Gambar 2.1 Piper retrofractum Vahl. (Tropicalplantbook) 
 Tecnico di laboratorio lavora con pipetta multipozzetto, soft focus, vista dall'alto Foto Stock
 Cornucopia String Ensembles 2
+-------+
Your response should consist of the full listing, repeated exactly.

*WRITTEN SOLUTION*.
Gambar 2.1 Piper retrofractum Vahl. (Tropicalplantbook) 
 Tecnico di laboratorio lavora con pipetta multipozzetto, soft focus, vista dall'alto Foto Stock
 Cornucopia String Ensembles 2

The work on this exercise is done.